EU court rules it's illegal to sell streaming boxes pre-configured for piracy

Jos

Posts: 3,073   +97
Staff

The European Court of Justice has ruled that selling streaming boxes pre-loaded with software specifically configured to facilitate access to pirated content is illegal. The case specifically involved Dutch anti-piracy group BREIN and local online store Filmspeler.nl, but is expected to have far-reaching repercussions across the EU for businesses selling piracy-enabled set top boxes.

Filmspeler is one of many services selling Android-based set-top boxes equipped with software like Kodi. While Kodi is a neutral open-source platform that isn’t ilegal by itself, many add-ons are publicly available from third parties to deliver pirated sports, TV and movie streams.

Filmspeler owner Jack Frederik Wullems had argued that it had no involvement in the development of such add-ons and that they were already publicly available. However, the court found that Wullems knowingly added infringing add-ons to Kodi devices, with hyperlinks to content published by known ‘pirate’ sites, and further advertised the players as ways to watch content without paying.

Furthermore it said that “it cannot be disputed that the multimedia player is supplied with a view to making a profit” by offering direct access to protected works without the consent of the copyright holders.

The Filmspeler case will now head back to the Dutch court where the lawsuit was originally filed for a definitive ruling. This is expected to set a precedent for other European courts and have an immediate effect on pending cases involving the sale of pirate boxes and illicit streaming.

Permalink to story.

 
Well start selling content in a way that people want to consume it and I'm sure piracy would drop significantly. I don't like pirating content of shows or sports that I love, but I'm not going to pay $200 a month for cable to watch maybe 15-20 hours of TV a month. And that's during hockey season, after that it drops to less than 5 hours a month
 
Well start selling content in a way that people want to consume it and I'm sure piracy would drop significantly. I don't like pirating content of shows or sports that I love, but I'm not going to pay $200 a month for cable to watch maybe 15-20 hours of TV a month. And that's during hockey season, after that it drops to less than 5 hours a month

Some of the big companies are coming around a little bit, not much.
In my area (Upstate NY) TimeWarner got bought out by Charter, so now we can switch from TimeWarner Cable to Spectrum.
I did.
With TwC I was paying $80 for 20mbps down, no TV. (Most steam would download at is 2.5)
With Spectrum now I pay $70 for 60 mbps down, no TV. (Steam downloads at 7.0MB - 8.5MB now, or over 80mpbs).
It would be $98 total (another $28 monthly) to add in the smallest TV package, think its around 100 channels.
 
Well start selling content in a way that people want to consume it and I'm sure piracy would drop significantly. I don't like pirating content of shows or sports that I love, but I'm not going to pay $200 a month for cable to watch maybe 15-20 hours of TV a month. And that's during hockey season, after that it drops to less than 5 hours a month

Humbly offer that your price will Not improve - with the legion of cable-cutters that subsidized your bill now missing, there are fewer (And fewer) paying for any content, let alone premium/sports.
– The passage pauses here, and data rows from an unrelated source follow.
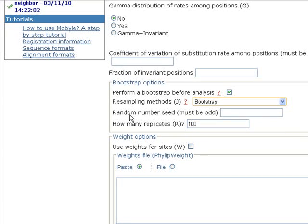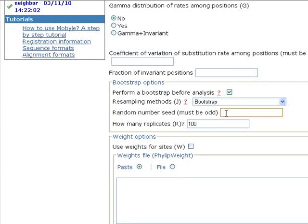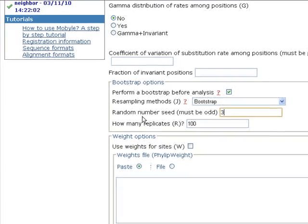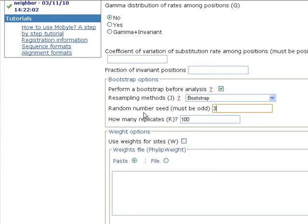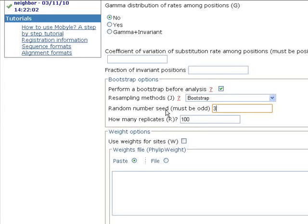And here we choose bootstrap in the random number seed. And it says here that it must be odd. We write three, for example. And the seed controls the generation of random numbers during the bootstrap, because it generates random numbers during the bootstrap.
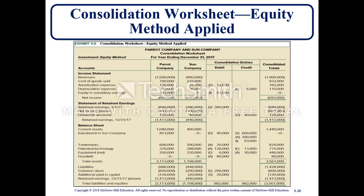The consolidation worksheet for the equity method makes this clearer: following the letters for what the entries are doing, you can see S eliminates the stockholders equity, combining parent company and Sun Company. These worksheet entries bring you to a consolidated total. S eliminates stockholders equity, A adjusts allocations of fair value over book value, I eliminates the parent's equity in subsidiary earnings, D eliminates intra-entity dividends, and E recognizes current year excess amortization.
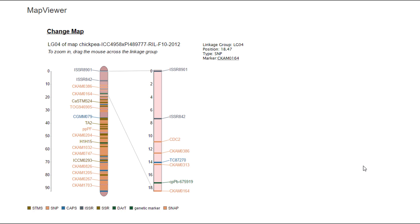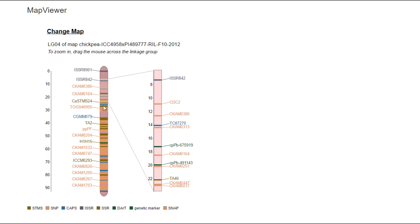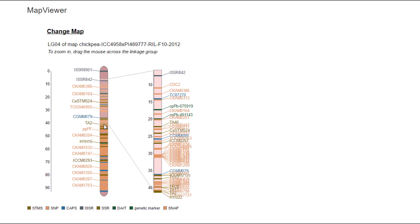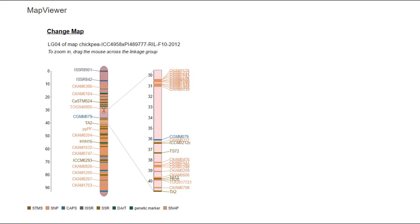In the Map Viewer window there is the static linkage group on the left and a magnified region of the linkage group on the right. The region on the right can be changed by clicking and dragging and changing the size of this window on the left side linkage group.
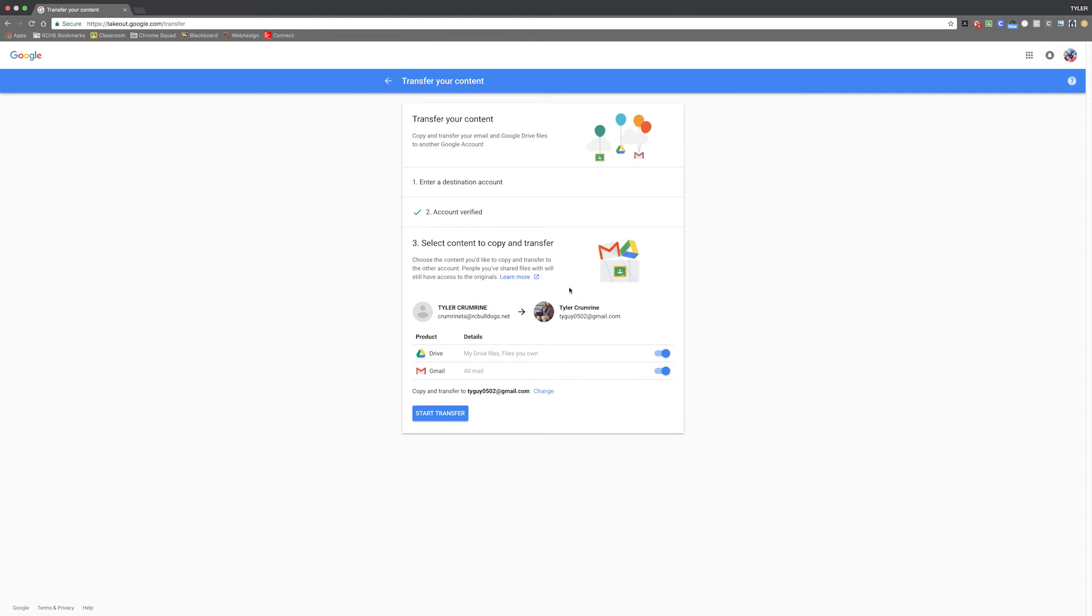The final step in this process is to choose which data you want to transfer. As you can see, you can select to transfer all of your Google Drive and also all of your Gmail. Make sure that the email address you have entered below is the account that you want to transfer the data to and after you select which data you want to transfer, click the start transfer button right here.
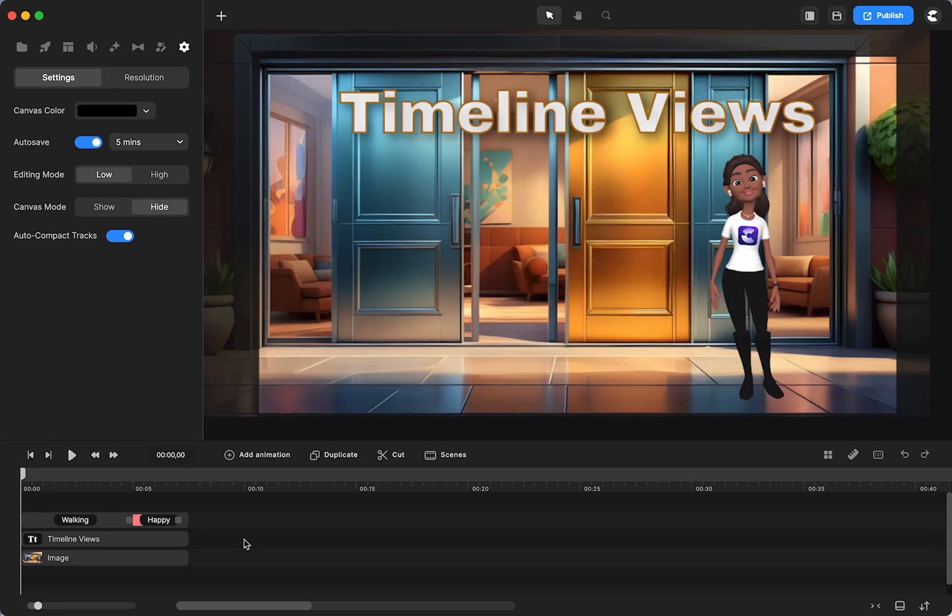So there have been a couple questions in the Facebook group about the timeline and a few other things about the UI and how to navigate in the app.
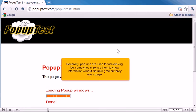Generally, pop-ups are used for advertising, but some sites may use them to show information without disrupting the currently open page.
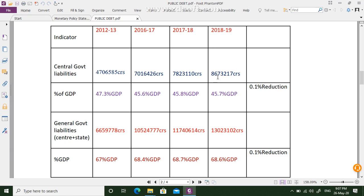The total central government debt is about 86 lakh crore rupees. If you consider India's GDP of around 200 lakh crores, this debt is 47.3%, then 46.6%, then 45.8%, and now 45.7% of GDP. Comparing the previous year 2017-18 at 45.8% to now 45.7%, there is just about a 0.1% reduction.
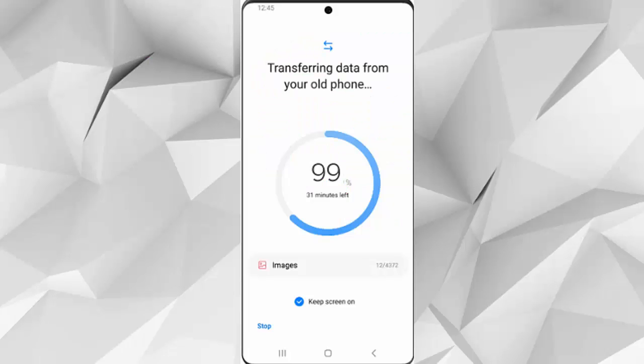Did your Samsung Smart Switch get stuck at 99%? Or does your Samsung Smart Switch keep disconnecting every time at 99%? This video guide will help you fix the issue so you can easily transfer data between devices.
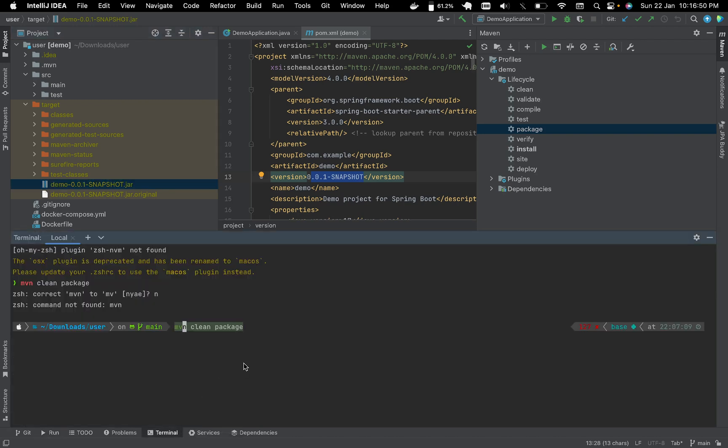Like mvn clean package. If you have installed Maven in your local machine, then you can run this command and this will do the same as we have just seen. So come back to the packages.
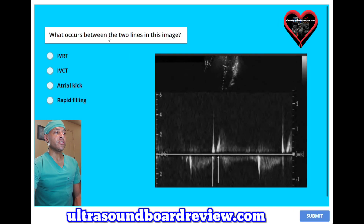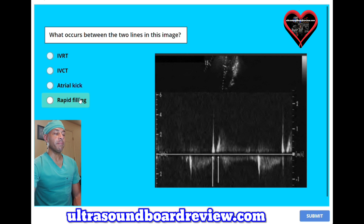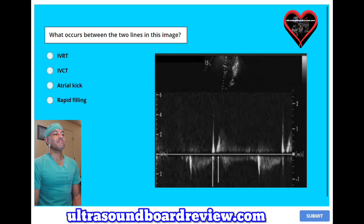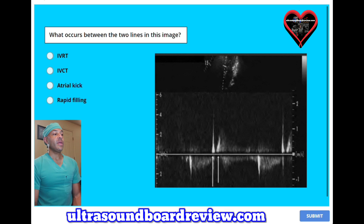What occurs between the two lines in this image? A, IVRT. B, IVCT. C, atrial kick. Or D, rapid filling. These are the two lines I'm talking about. The answer is A, IVRT.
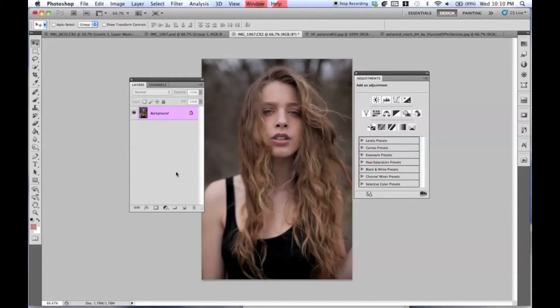Hello everyone, Jessica Kobisi here. In today's tutorial I'm going to be showing you guys how to create a cool looking Polaroid photo effect from just a couple of layers — you can always mix and match. So I'm just going to go ahead and dive right into this.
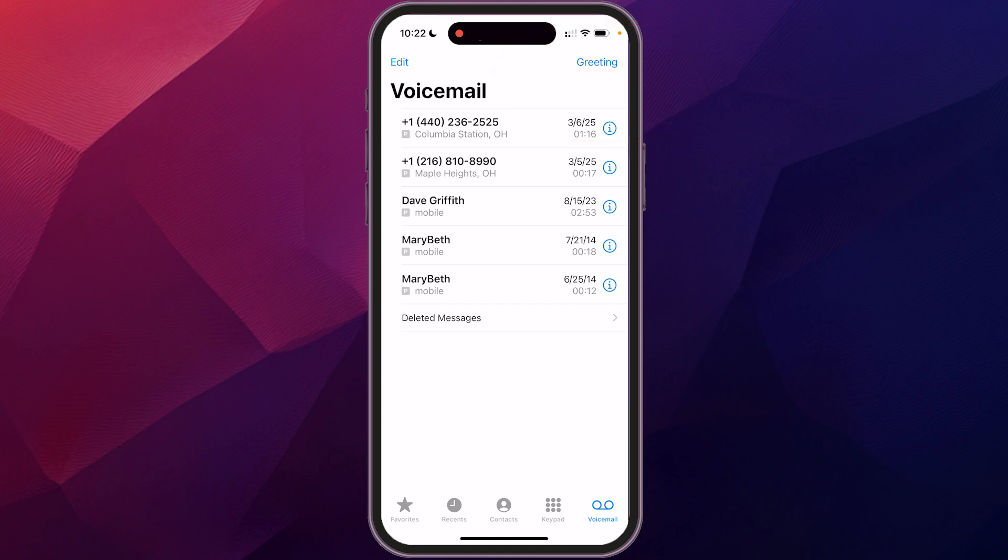So now when anybody calls my business line, if I don't answer, it will play that message for them. Now, just a small note: if you don't see the voicemail option, it's possible that your carrier does not provide voicemail, but in most cases you'll have it. So with that, you have your voicemail set up. I hope this video helped you out, and I'll see you in the next one.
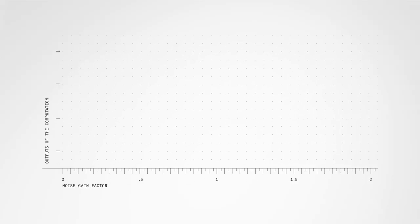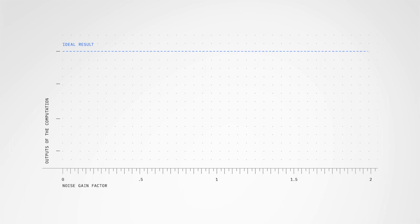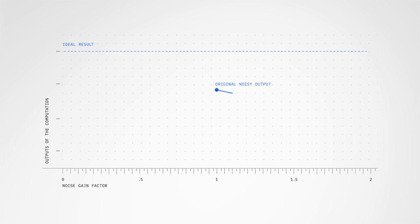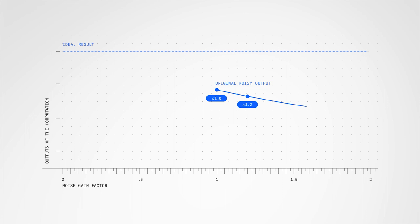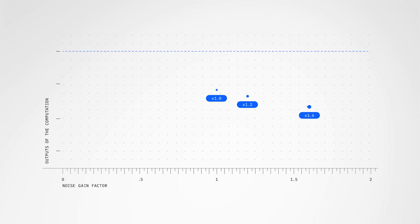With the error mitigation technique used in this experiment, we run our calculations and slowly turn the noise up. Then, we extrapolate back to the noise-free solution.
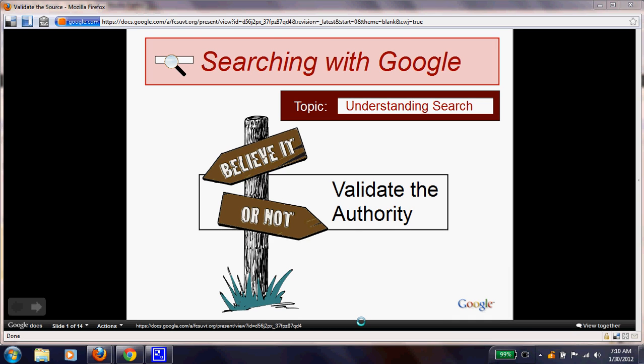Now that we've learned how to search on a search engine and use keywords, we need to know how to validate a source and make sure it's a decent source to use. Before we get started, have the document titled 'Report Notes' open so you can answer questions along the way.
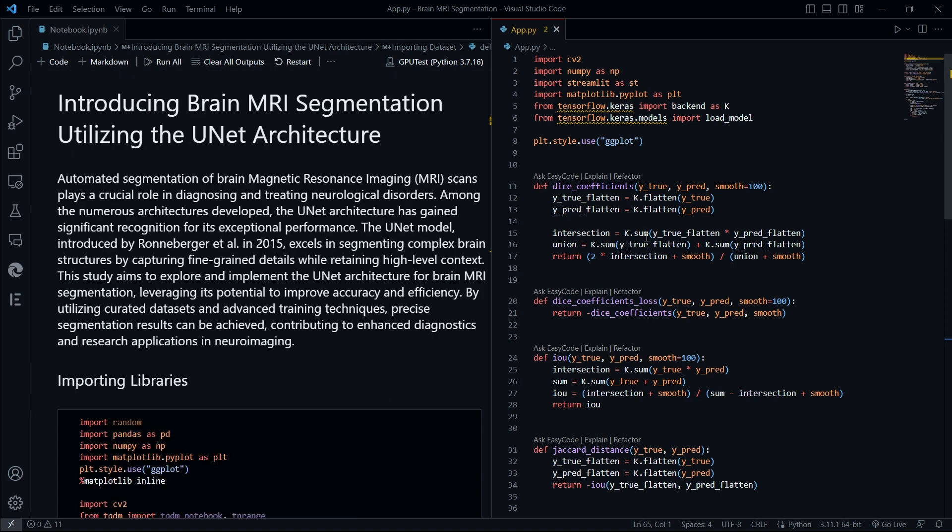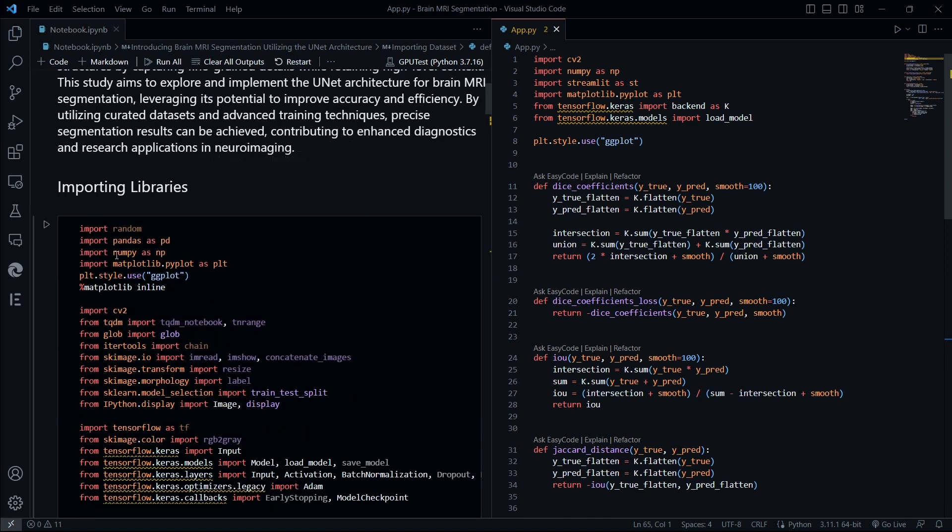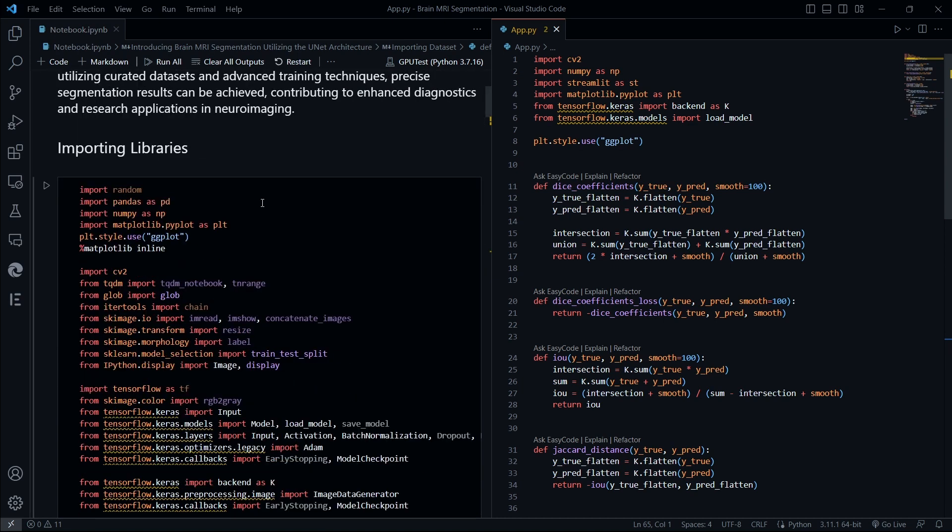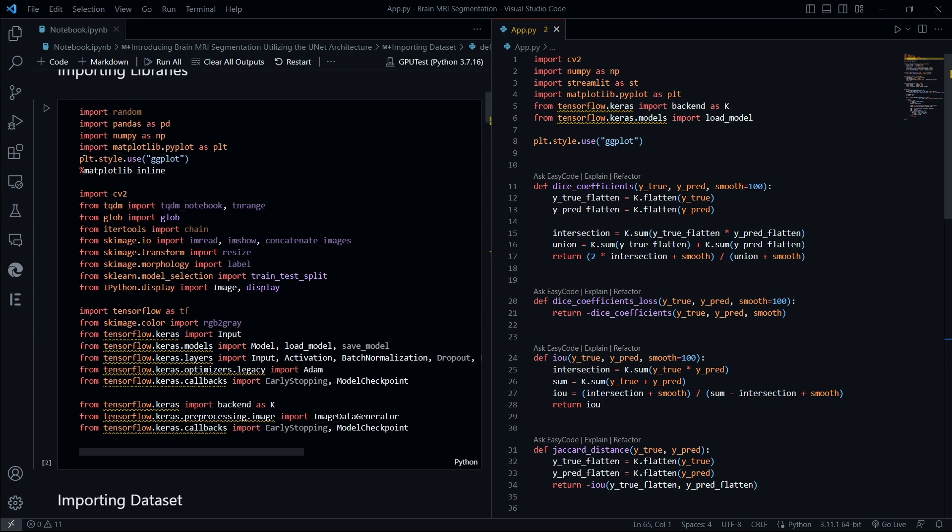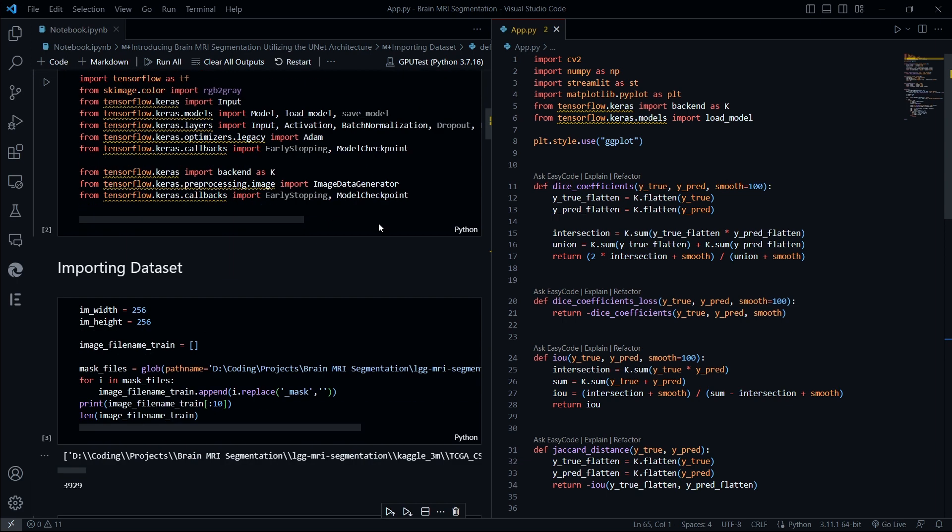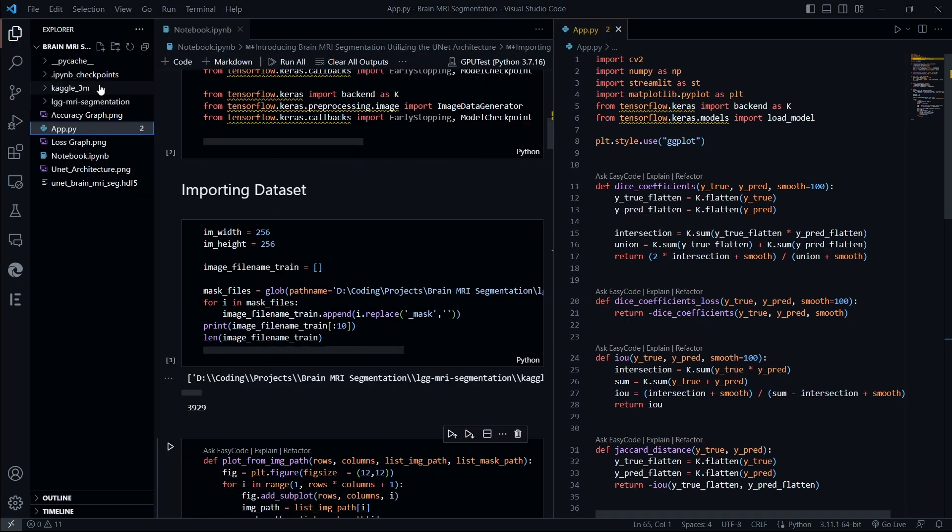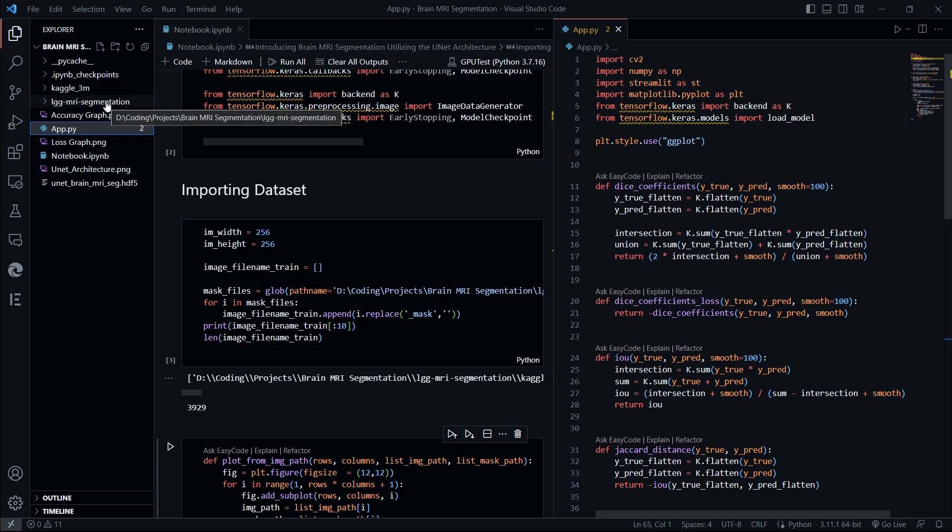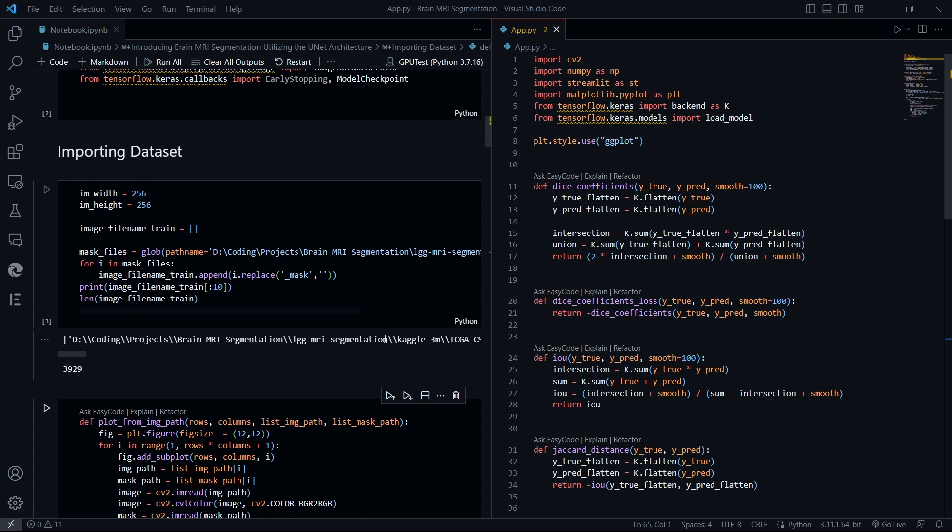So let's go to the model implementation that we can see over here. This is our Jupyter notebook named notebook.ipynb, which stands for IPython notebook. Here we are importing all the libraries including TensorFlow, CV2, and scikit-learn and many more. We're importing the dataset, the LGG MRI segmentation that has been downloaded from Kaggle, which I will show you in the full tutorial video.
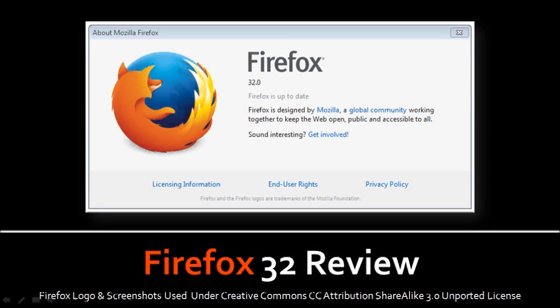Hi, this is Anthony Godino with a review on Firefox 32, which was released on September 2nd, 2014. If you're a Firefox user, you know that new rapid release updates come once every six weeks, and the last one was released on July 22nd, 2014. So let's take a look at what's new in Firefox 32.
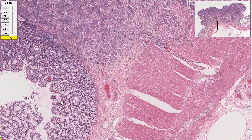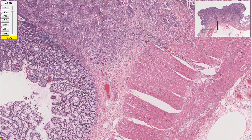This is even not perfectly normal — you can see it's a little bit dividing and a little bit irritated. This is hyperplasia — irritated along the edge.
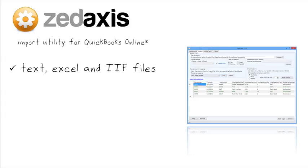Z-Axis supports importing text files, Excel files and even IIF files into QuickBooks Online.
Dunno how it will shake out eventually, but definitely worse before it gets better. Personally take what I can get live-sports OTA (small city-4 channels), netflix provides more shows than we can watch at OUR convenience vs hours willing to veg and live games we care about (do wish they'd consider offering games of the week).

Cable TV is gone,gone,gone (RE $28 over cost of internet @ smallest package - my ability to avoid the painful commercials on the wretched-remainder channels of that tier make it anything but desirable, let alone tempting).